Во всяком случае, содержащаяся в притче поэтическая картина неизмеримо богаче любого частного морального тезиса или абстрактной идеи, хотя одновременно говорит о них, излагает их, заостряет, эмоционализирует. Вот почему притча с успехом использовалась в агитационной и политической борьбе ораторами, трибунами, религиозными проповедниками. Потому-то и художники, у которых сила наглядного представления сочеталась с тяготением к глубокой философичности, охотно обращались к теме, формам, мотивам притчи. Потому Рембрандт смог на материале притчи поставить глубочайшую моральную проблему, воплотить трагический моральный конфликт; «нравоучительный сюжет» притчи зазвучал у него целой симфонией человеческих переживаний, в которой милосердие и любовь преодолевают заблуждения и обиды. Потому Брехт может, используя мотивы и поэтику притчи, активизировать мышление зрителя и читателя, нацеливая его на самостоятельное обобщающее осмысливание жизни и додумывание предлагаемых автором положений.
И потому произвольны и необоснованны адресованные М. Блейманом ряду талантливых творцов кино упреки в том, что они обращаются к поэтике притчи, а это-де ведет к антипсихологизму, бедности жизненного содержания и отходу от реализма. Удивительно, как много в заключительной, теоретической части статьи М. Блеймана поспешных суждений, терминологических неточностей и просто небрежности.

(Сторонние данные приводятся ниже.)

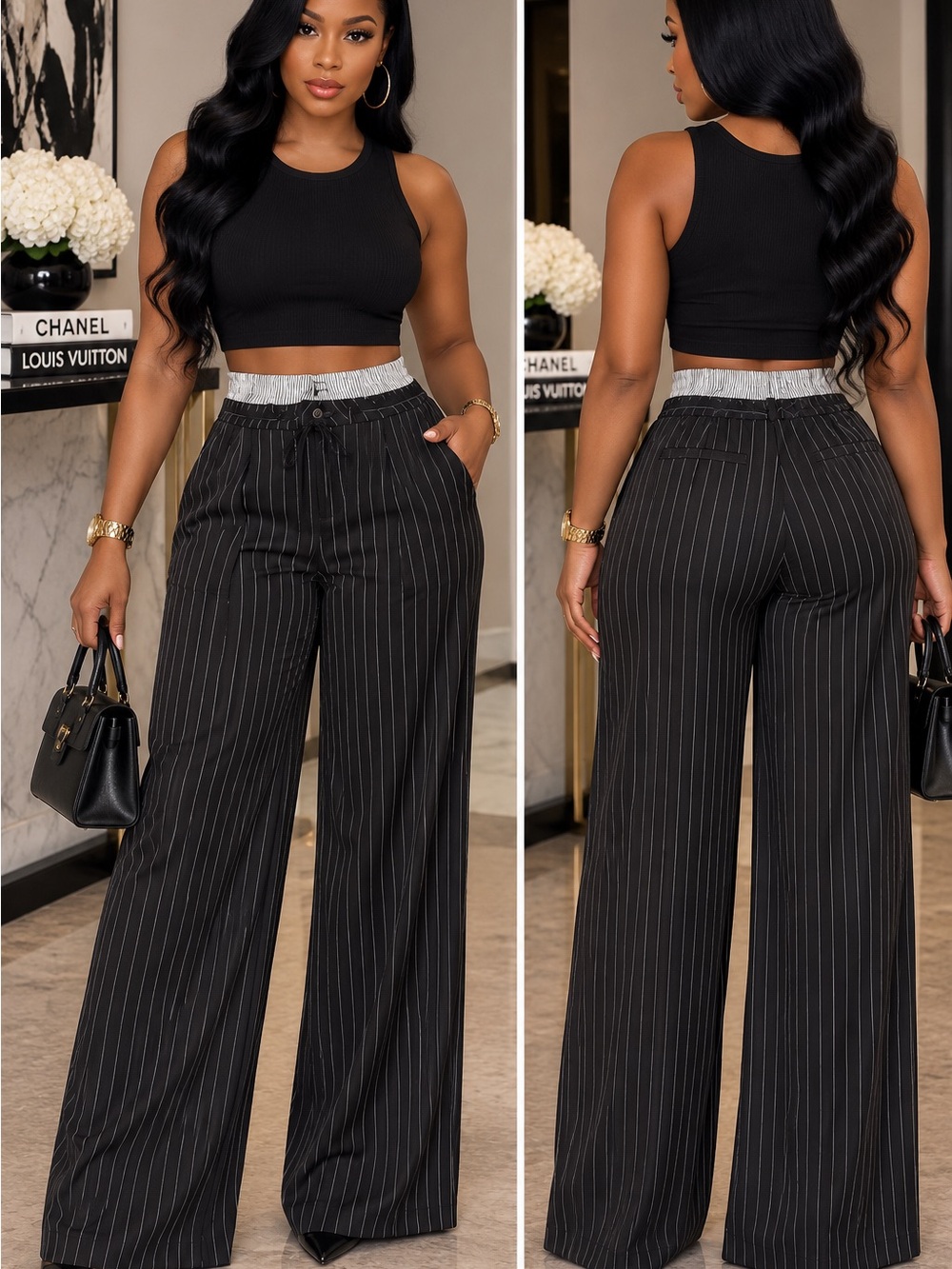 Madden Girl Black Pinstripe Wide Leg Pants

Вот он, например, мимоходом иронизирует о некоем «анекдотическом теоретике, пытавшемся свести все многообразие литературы не то к тридцати двум, не то к тридцати трем сюжетам». Между тем речь идет о фундаментальном направлении в мировой науке и литературе, представленном рядом блистательных имен; о попытках установить сюжетообразующие константы литературы, элементарные «единицы» сюжета. Если же обратиться к более популярной формулировке этой идеи, то и тогда к ней причастны такие не совсем «анекдотические фигуры», как, скажем, Анатоль Франс, утверждавший, что в литературе существует всего несколько десятков мотивов, и важно не то, кто высказал их первым, а — кто лучше; или, еще ранее, Гёте в беседе с Эккерманом называвший, со ссылкой на Гоцци, даже точную цифру обращающихся в мировой литературе драматических положений: тридцать шесть. «Шиллер немало трудился, чтобы найти их больше,— добавлял Гёте,— но не мог насчитать и столько, сколько Гоцци». Уже в XX столетии Жорж Польти посвятил целую книгу доказательству данной мысли, разобрав под этим углом зрения более тысячи произведений.